Tuesday, February 5, 2013

HEAVY, HEAVING, HOPEFULLY NOT HYPERBOLIC


Mr. Crutcher, 
My good friend and co-conspirahort, Mr. Webster, assures me that lunacy is but extravagant folly, and I for one . . . (if you use contiguous skin cover instead of avoirdupois as a measure) . . . will happily invest in wild foolishness at the drop of a Mardi Gras bead.
Searching For Sugar Man and its subject Sixto Rodriguez are amazing on so many levels. His music was singable and powerful, great to many who heard it, but it couldn't break through and become broadly popular in the United States. Dylan already occupied that niche, had already gathered that population of fans.
Instead, incredibly, Sixto’s songs, his CDs, catch on like wildfire in 1970s South Africa where people are suffering under the tyranny of apartheid. A large group of people there need a voice, a poetic rallying cry that symbolizes their frustrations and dreams, and Rodriguez speaks their language. He becomes hugely famous in that country and never knows it. As we watch, we find in Rodriguez a man genuinely worthy of admiration. A man able to live the values he espouses. Humanly holy. 
            And as writers, painters, singers, musicians, many of us hope to well-represent our values and the people we respect, the situations or events that inspire us . . . we want to do them justice. We want to place in public consciousness the vision we ourselves hold dear. 
When we write about the mentally ill, we want readers to see how admirable people can be who live productive meaningful lives in spite of their personal difficulties, in spite of social stigma. When we write about troubled teenagers who have no adult they trust and who have to more fully develop their own inner resources, we are hoping readers see how amazing and admirable at-risk youth can be.

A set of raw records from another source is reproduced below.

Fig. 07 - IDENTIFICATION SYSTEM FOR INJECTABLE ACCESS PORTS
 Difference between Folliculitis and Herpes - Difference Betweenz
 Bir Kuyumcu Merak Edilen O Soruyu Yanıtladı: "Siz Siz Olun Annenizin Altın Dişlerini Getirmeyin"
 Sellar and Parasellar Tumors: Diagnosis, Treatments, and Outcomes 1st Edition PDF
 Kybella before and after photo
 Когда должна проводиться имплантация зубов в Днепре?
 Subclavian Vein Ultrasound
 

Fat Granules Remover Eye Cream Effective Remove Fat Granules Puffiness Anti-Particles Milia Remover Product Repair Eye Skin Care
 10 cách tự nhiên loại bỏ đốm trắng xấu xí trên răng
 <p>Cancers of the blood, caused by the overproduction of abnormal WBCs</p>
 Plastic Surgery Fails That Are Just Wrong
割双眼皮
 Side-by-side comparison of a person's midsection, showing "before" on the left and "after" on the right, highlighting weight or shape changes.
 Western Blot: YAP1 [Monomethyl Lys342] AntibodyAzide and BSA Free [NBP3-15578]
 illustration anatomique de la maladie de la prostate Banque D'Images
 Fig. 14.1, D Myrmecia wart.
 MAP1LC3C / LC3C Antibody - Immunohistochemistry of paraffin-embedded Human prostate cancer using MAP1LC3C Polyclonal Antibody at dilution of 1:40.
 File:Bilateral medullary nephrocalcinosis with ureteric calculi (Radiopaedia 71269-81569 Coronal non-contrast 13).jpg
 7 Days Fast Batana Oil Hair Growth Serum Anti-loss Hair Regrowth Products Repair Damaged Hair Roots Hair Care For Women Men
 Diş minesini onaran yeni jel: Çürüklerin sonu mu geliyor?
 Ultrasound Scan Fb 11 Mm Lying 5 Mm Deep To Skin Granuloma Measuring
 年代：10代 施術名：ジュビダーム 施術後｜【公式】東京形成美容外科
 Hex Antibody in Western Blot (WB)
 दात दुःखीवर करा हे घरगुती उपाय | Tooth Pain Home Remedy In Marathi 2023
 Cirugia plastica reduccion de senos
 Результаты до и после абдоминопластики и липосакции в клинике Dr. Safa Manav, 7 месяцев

Along with astonishment, the predominant emotion I felt watching Sugar Man was humility. An artist like Sixto Rodriguez is not that common in our hype-filled, image-conscious, publicity-hungry world. Makes me hope to write my talk and live my write.  
                As for you, to paraphrase Steve Landesberg, honesty may be the best policy, but lunacy may be a better defense.